While porting GAP code, I translated the function CollectBy (that I find very useful) as:
"""
group items of list l according to the corresponding values in list v
julia> groupby([31,28,31,30,31,30,31,31,30,31,30,31],
[:Jan,:Feb,:Mar,:Apr,:May,:Jun,:Jul,:Aug,:Sep,:Oct,:Nov,:Dec])
Dict{Int64,Array{Symbol,1}} with 3 entries:
31 => Symbol[:Jan, :Mar, :May, :Jul, :Aug, :Oct, :Dec]
28 => Symbol[:Feb]
30 => Symbol[:Apr, :Jun, :Sep, :Nov]
"""
function groupby(v::AbstractVector,l::AbstractVector)

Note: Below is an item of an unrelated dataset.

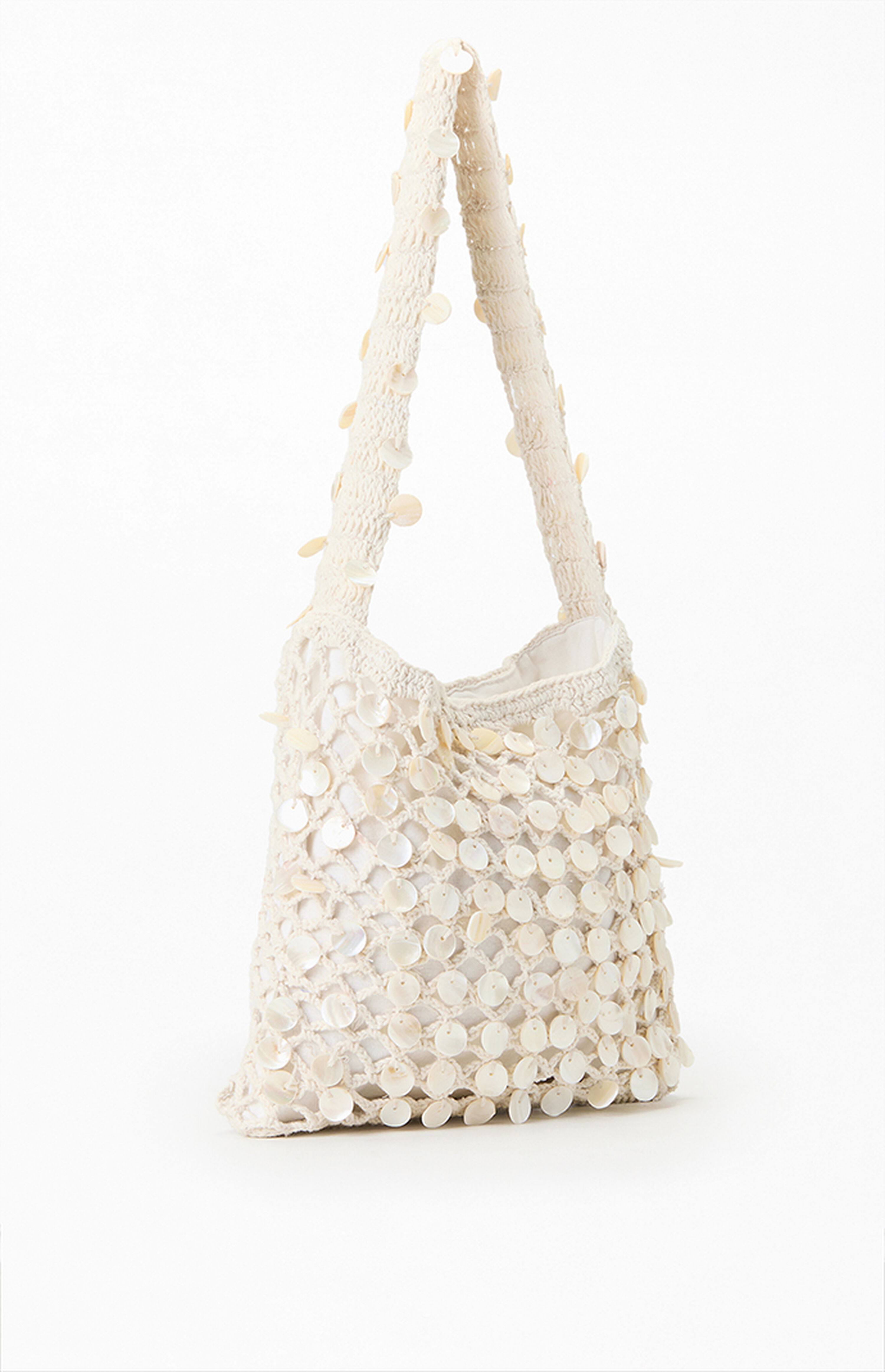 Pacsun Tidepool Crochet Tote Bag | PacSun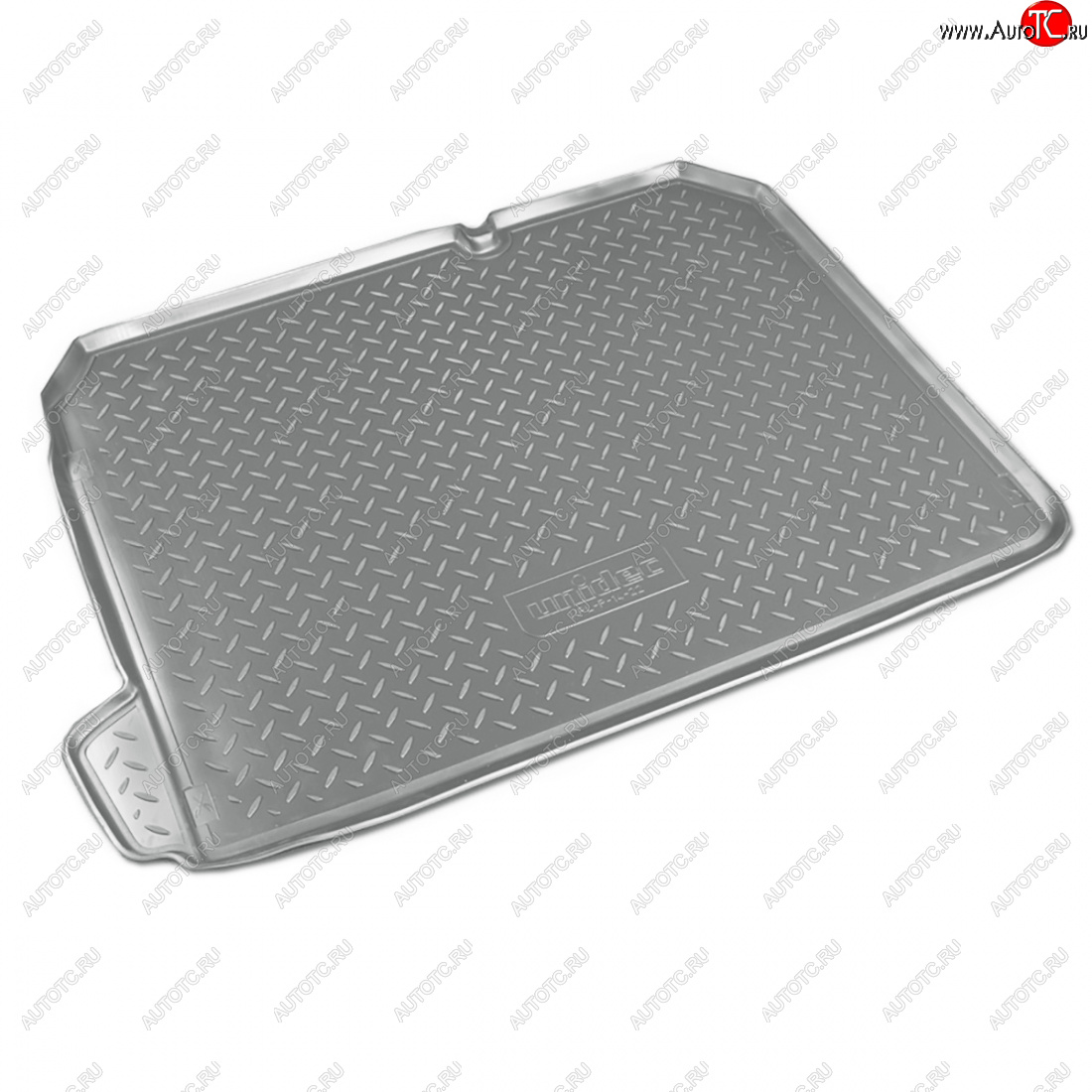 1 769 р. Коврики в багажное отделение Norplast  CITROEN C4  C41 (2020-2025) 5 дв. (серый)  с доставкой в г. Воронеж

res=Dict{eltype(v),Vector{eltype(l)}}()
for (k,val) in zip(v,l)
push!(get!(res,k,similar(l,0)),val)
end
res
end
"""
group items of list l according to the values taken by function f on them
julia> groupby(iseven,1:10)
Dict{Bool,Array{Int64,1}} with 2 entries:
false => [1, 3, 5, 7, 9]
true => [2, 4, 6, 8, 10]
Note:in this version l is required to be non-empty since I do not know how to
access the return type of a function
"""
function groupby(f,l::AbstractVector)
res=Dict(f(l[1])=>[l[1]]) # l should be nonempty
for val in l[2:end]
push!(get!(res,f(val),similar(l,0)),val)
end
res
end
I choose the name groupby
since I saw in some messages that there seems to be a function of that name
doing something similar in some package. I have several questions:
- is there some “standard library” where such a function can be found?
- if not, does my implementation look good? Is it possible to do better/faster?
- In particular, is there a good way to solve the problem of accessing function return type?